The article on the decision by Master James in Hanley v JC & A Solicitors (news, 8 January) provoked a rather animated response from parts of the profession, with suggestions that work of this sort – assisting clients in the exercise of their rights under the Solicitors Act 1974 – is ‘satellite litigation’ and that the business models of firms like mine,, are somehow ‘unsavoury’.

This is surprising, not only because the absolute right to have fees determined by a court has been enshrined in primary legislation since 1843, but also because the profession has the upper hand in these cases. Costs are assessed on the indemnity basis – meaning that doubt is resolved in favour of the solicitor – and in order for a client to ‘win’ on any assessment under the act, they have to demonstrate not only that they have been overcharged, but also that they have been overcharged by 25% or more.

So, solicitors who bill in accordance with the legislation and the accounts rules, and who charge a reasonable amount, have nothing to fear. Solicitors who overcharge by 24% have little to fear, other than perhaps their own conscience. If on every case we received a reasonable bill that was in accordance with the charging arrangements, or even a bill that was just a little too high, then our business would die very quickly. That is far from the case.
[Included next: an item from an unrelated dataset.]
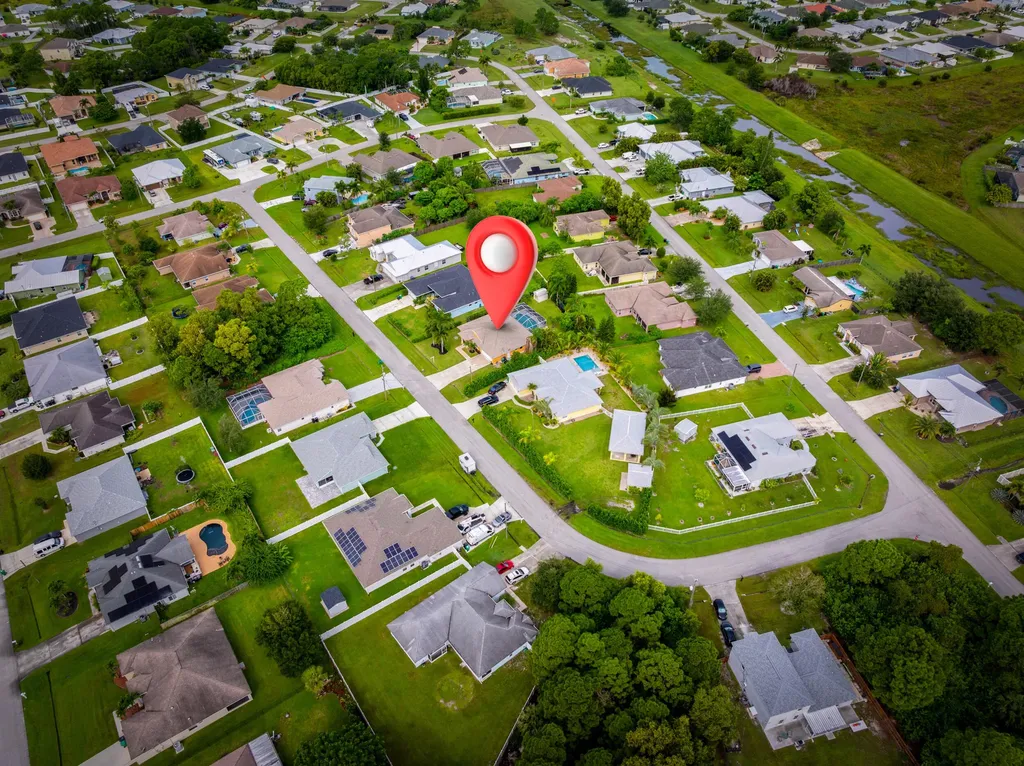 6121 NW Daroco Terrace Port St Lucie FL 34986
The common theme in respect of all cases is that the delivery of a bill that complies with the act and the accounts rules, and gives a detailed explanation of what has been charged and how it has been calculated (along with proper notification of the client’s rights to have the bill examined by the court under the act) is very rare indeed. That may explain why in most cases there has been virtually no complaint from clients. If they are told, wrongly, that the current legislation says that they will inevitably lose 25% of damages and that is what then happens, is it a surprise that they have not complained thus far?

In any event, suggesting that clients who have lost part of their compensation because of billing practices like those above should waive their statutory right and go unaided through internal complaints procedures or the ombudsman, rather than seeking expert assistance in negotiating a complex and arcane area of the law, is insupportable – particularly where there is such a fundamental misunderstanding of the rules in parts of the profession.

The amount in real money terms is immaterial. We represent clients of all sorts and in respect of costs arising from all legal disciplines. If it seems to us that any clients have been overcharged by more than 25%, then we are proud to fight for their statutory right to have the costs determined by the court.

I will not comment in too much detail on the decision in Hanley as it may yet go further, and there are a number of similar cases in which judgment is pending or are yet to be heard. I do not believe however that a different decision would have opened floodgates, unless of course there are large numbers of personal injury solicitors whose billing arrangements are insupportable, or who simply ignore the contractual terms and deduct 25% of damages come what may. If that is the case then these are ‘floodgates’ that need to be opened so that the overcharging can be rooted out.